David Loeb, a senior research analyst at Robert W. Baird, told CNBC that a further increase from Marriott would imperil the logic of the deal.

"I just think Marriott is too disciplined to pay more than what they've already offered," Loeb told CNBC's "The Rundown".

"If I was a Starwood shareholder, I would be asking for the maximum value and I would be asking for the maximum value now," Loeb added.

"I think Anbang's offer, being all cash, is probably the one that shareholders would rather have. The advantage is definitely with Anbang at this point."

Palm trees stand in front of the Marina Del Rey Marriott hotel in Marina Del Rey, California.
Patrick T. Fallon | Bloomberg | Getty Images

Marriott announced last November that it had agreed to acquire Starwood for $12.2 billion. A consortium led by Anbang offered a competing bid, prompting a fierce bidding war that resulted in Marriott improving the offer to an aggressive $13.6 billion.

Anbang trumped that with a $14 billion offer, which if accepted, would be the largest ever Chinese purchase of a U.S. company.

The latest offer from the Anbang consortium, led by private equity groups J.C. Flowers & Co. and Primavera Capital, is an all-cash bid of $82.75 a share.

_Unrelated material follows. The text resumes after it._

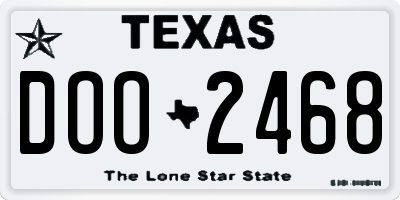 TX license plate DOO2468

That's a premium to Marriott's last offer of $79.53 in cash and stock.

Starwood, which operates the Sheraton, Westin and W Hotel chains among others, has not changed its recommendation to support the previous Marriott deal.

For its part, Marriott has warned Starwood investors about the uncertainty of the consortium's financing and the timing of any required regulatory approvals.

"The combined company will offer stockholders significant equity upside and greater long-term value, driven by a larger global footprint, wider choice of brands for consumers, substantial revenue synergies, and improved economics to owners and franchisees leading to accelerated global growth and continued strong returns," it said in a statement Monday in the U.S.

But Marriott's sweetened offer has already prompted some shareholders to question the strategy of the board, given its history of risk aversion and conservative balance sheet management. Marriott says it could achieve as much as $250 million in cost synergies after a Starwood merger.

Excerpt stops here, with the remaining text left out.